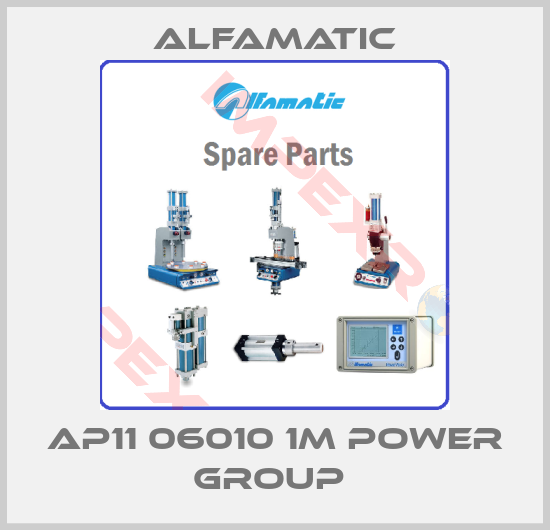 Alfamatic-AP11 06010 1M POWER GROUP 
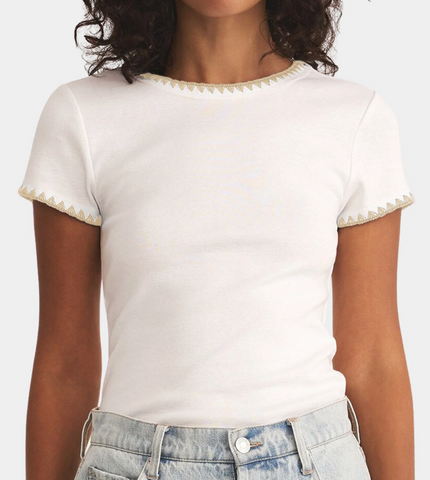 Z Supply Cassis Ribbed Tee
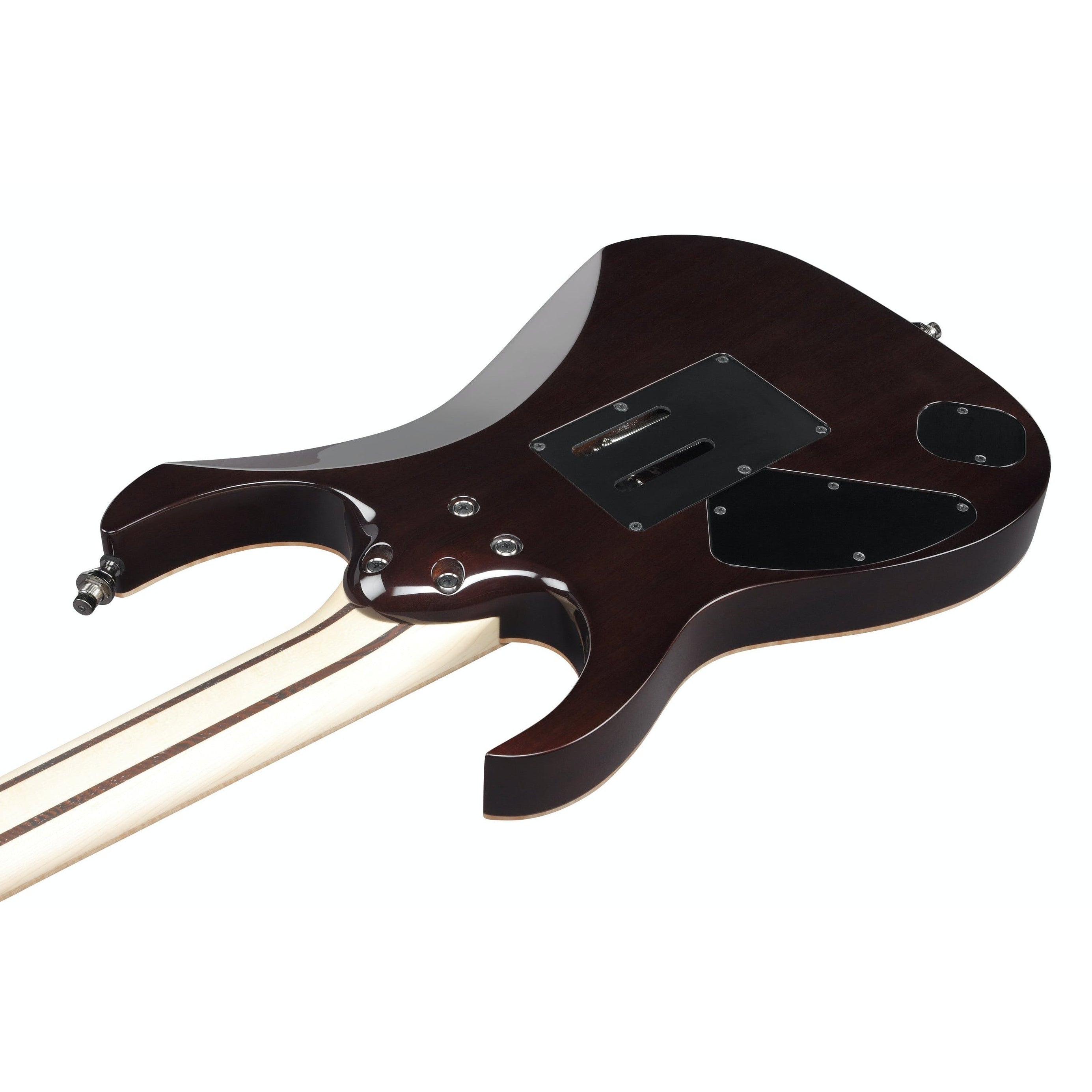 Đàn Guitar Điện 7-dây Ibanez J Custom RG8527 - Black Rutile-Mai Nguyên Music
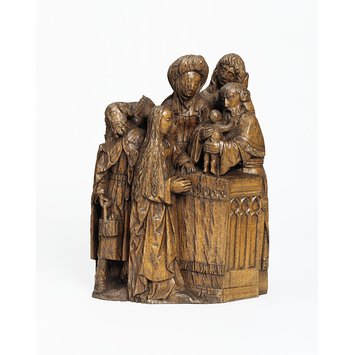 Relief - The Presentation in the Temple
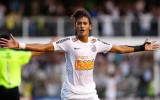 2012/13 Santos White Retro Long Sleeve Soccer Jersey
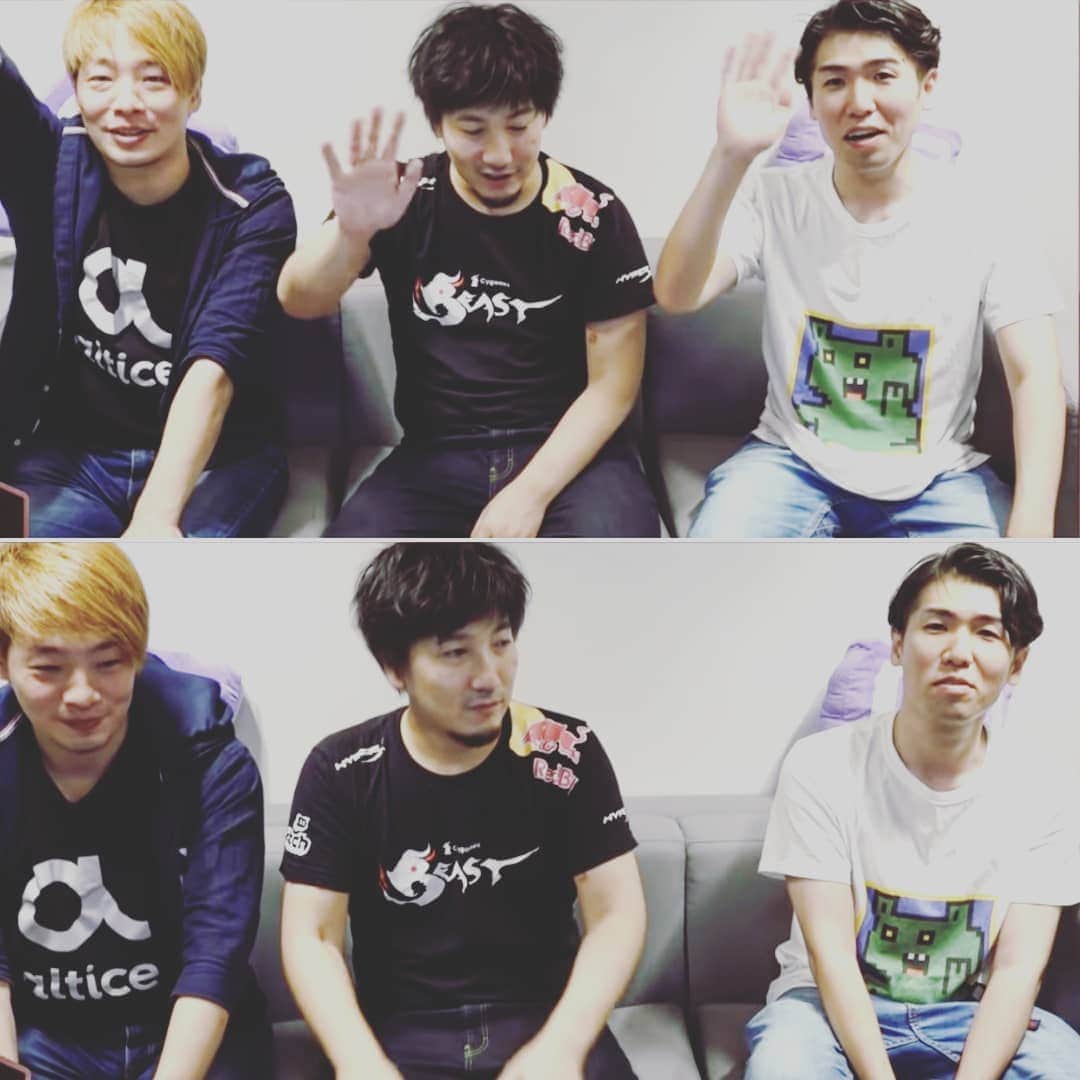 梅原大吾のインスタグラム：「先日のTEPPEN配信に #BeasTVCup で２位をとったナリカワさんに出てもらって、TEPPENうまくなるコツを聞き出してみました！  配信アーカイブ→https://youtu.be/j8EYq1ipoN4  また今日も21時スタートでTEPPEN配信します！  twitch.tv/daigothebeastv」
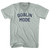 Goblin Mode Adult Tri-Blend V-neck T-shirt - Athletic Cool Grey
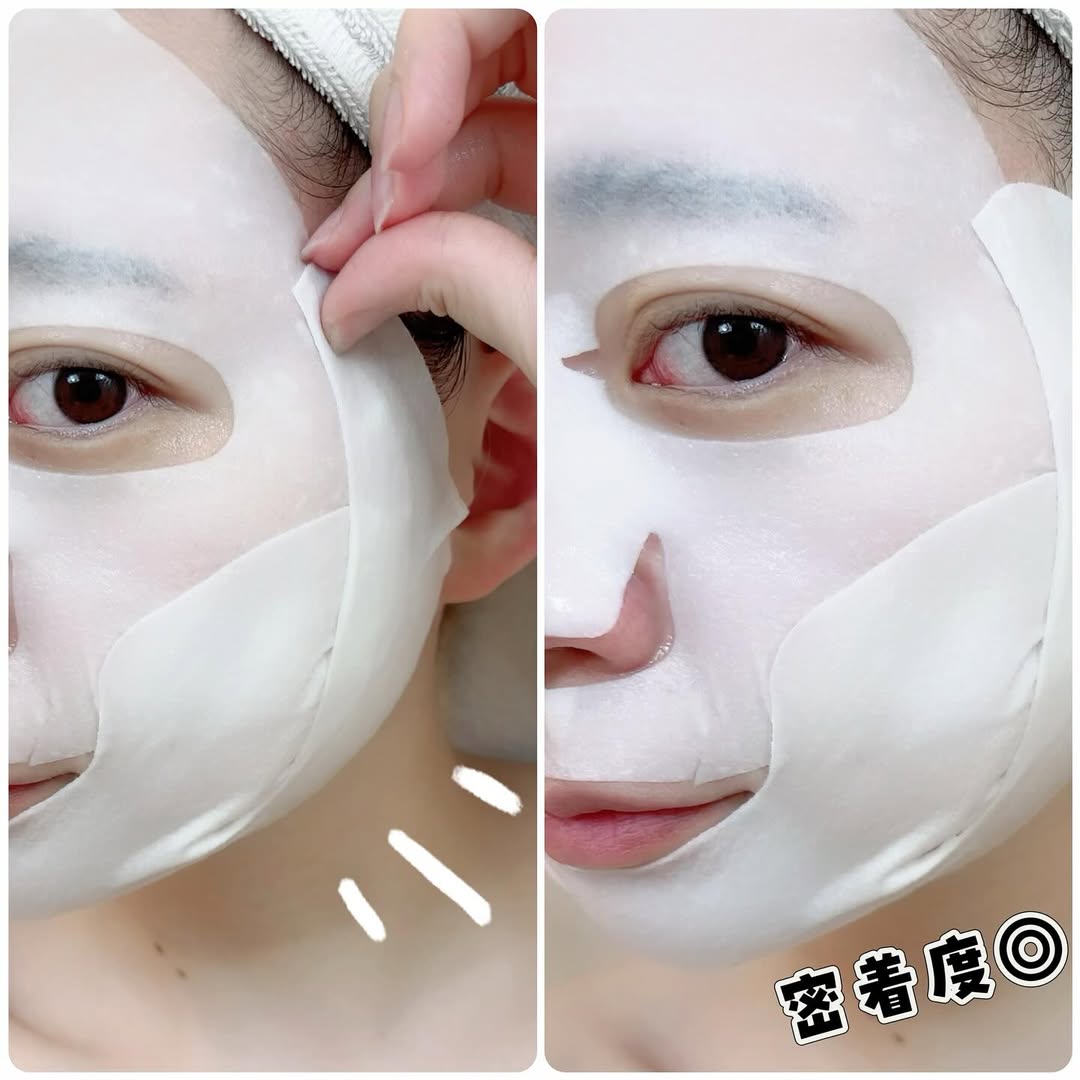 クリオリボトセラリフティングマスク/cutem/シートマスク・パックを使ったクチコミ（2枚目）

··········

Copy the listing word for word, excluding its pictures.

REPLY TO THE TASK >>
 Alfamatic-AP11 06010 1M POWER GROUP 
 Z Supply Cassis Ribbed Tee
 Đàn Guitar Điện 7-dây Ibanez J Custom RG8527 - Black Rutile-Mai Nguyên Music
 Relief - The Presentation in the Temple
 2012/13 Santos White Retro Long Sleeve Soccer Jersey
 梅原大吾のインスタグラム：「先日のTEPPEN配信に #BeasTVCup で２位をとったナリカワさんに出てもらって、TEPPENうまくなるコツを聞き出してみました！  配信アーカイブ→https://youtu.be/j8EYq1ipoN4  また今日も21時スタートでTEPPEN配信します！  twitch.tv/daigothebeastv」
 Goblin Mode Adult Tri-Blend V-neck T-shirt - Athletic Cool Grey
 クリオリボトセラリフティングマスク/cutem/シートマスク・パックを使ったクチコミ（2枚目）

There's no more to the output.